En prison

La perception de la réalité carcérale par les détenus diffère selon leur situation et le moment. Je livre ici quelques fragments de situations dont je suis témoin dans mon activité de visiteur dans une maison d’arrêt. Noms et contextes ont été changés.

 Les personnes détenues vivent leur incarcération de manière différente selon que la prison est un risque inhérent à une activité criminelle prolongée ou le résultat d’un acte violent isolé ; selon que le détenu est visité par de la famille ou des proches, ou que la prison est située loin de sa région ou de son pays ; selon qu’il a été condamné, ou en instance de jugement ; selon qu’il croit vraiment en un avenir possible pour lui, ou qu’il s’est résigné à une vie misérable, dedans ou dehors.

A prisoner 

La mère de Jon est hollandaise, son père jordanien, mais il a vécu en Italie. Il y a fait des études de management. Il parle couramment l’anglais, le néerlandais et l’italien, et aussi le français, pays où il a été incarcéré il y a deux ans pour son implication dans un trafic. Il ne pense qu’à une chose : refaire sa vie sur de nouvelles bases, reprendre des études. Il vit la prison comme une torture à petit feu, des minutes, des heures, des jours, des mois rongés par l’ennui, l’écoeurement des insultes échangées d’une cellule à l’autre, le bruit des portes qui claquent. Je l’incite à lire, à s’investir dans un projet comme l’apprentissage d’une langue, l’arabe peut-être. Mais il se dit incapable de s’abstraire de l’horreur qui l’entoure et de positiver une période de sa vie qu’il ne songe qu’à clore et oublier. Une tante accepte de l’accueillir à Amsterdam et de l’aider à reprendre des études.
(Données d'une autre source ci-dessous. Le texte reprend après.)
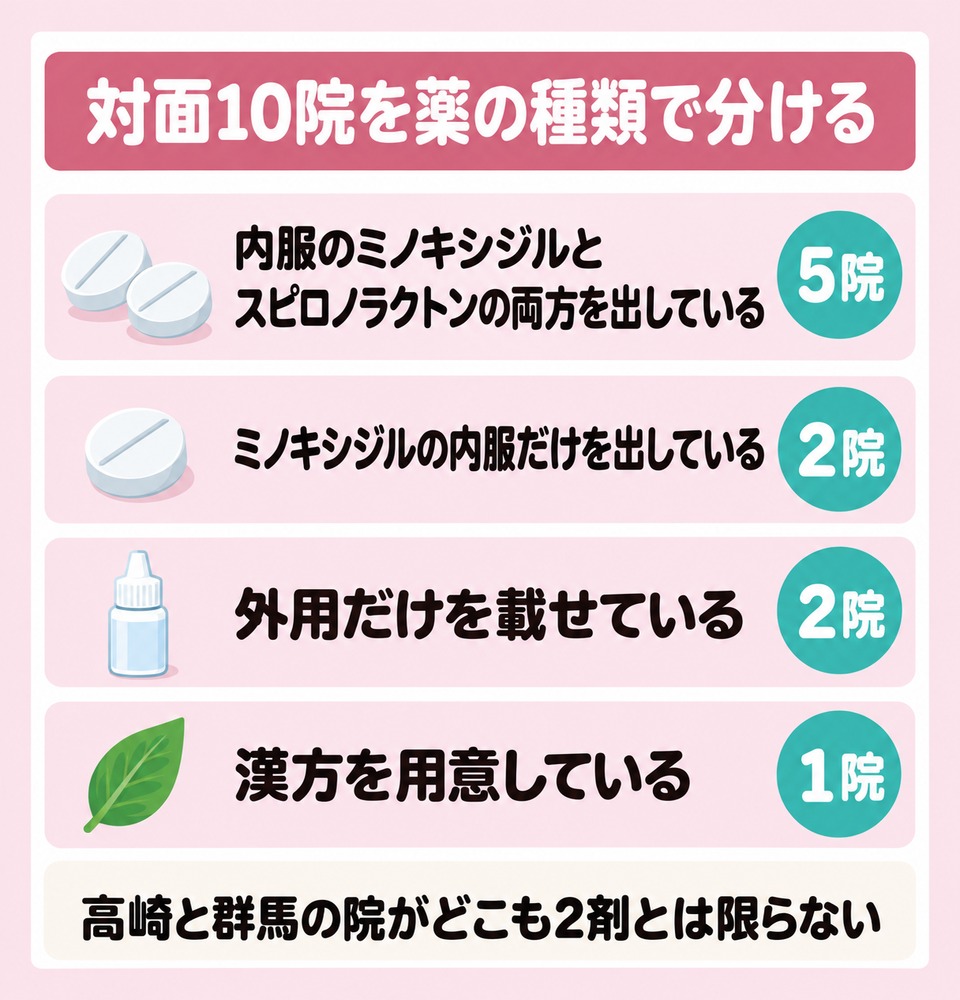 内服2剤まで出す院と外用だけの院で薬の幅が分かれる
Une audience du juge d’application des peines est prévue cet après-midi. Depuis plusieurs jours, rongé par l’angoisse, Jon ne dort plus à partir de cinq heures du matin. Aux interminables journées blanches de sa détention s’ajoutent des nuits blanches.

 Arturo est péruvien. Il a vécu en France, ces deux dernières années, de travaux de peinture, plomberie et carrelage. Il indique qu’il a été condamné pour avoir récupéré son dû à un débiteur indélicat, dans une action de représailles dénuée elle-même de délicatesse… Il se dit révolté contre la lenteur de l’administration pénitentiaire et son incohérence. Il y a deux jours, il a reçu sa convocation pour des cours de français qu’il avait réclamés il y a plusieurs semaines. Aujourd’hui, on lui annonce qu’il est transféré dans une autre maison d’arrêt.

 Arturo et Jon ont en commun d’avoir les yeux fixés sur le retour à la liberté. L’un et l’autre souffrent intensément de la vie carcérale. Mais ils la vivent dans un état d’esprit différent, la colère pour l’un, le désir d’annihilation et d’oubli pour l’autre.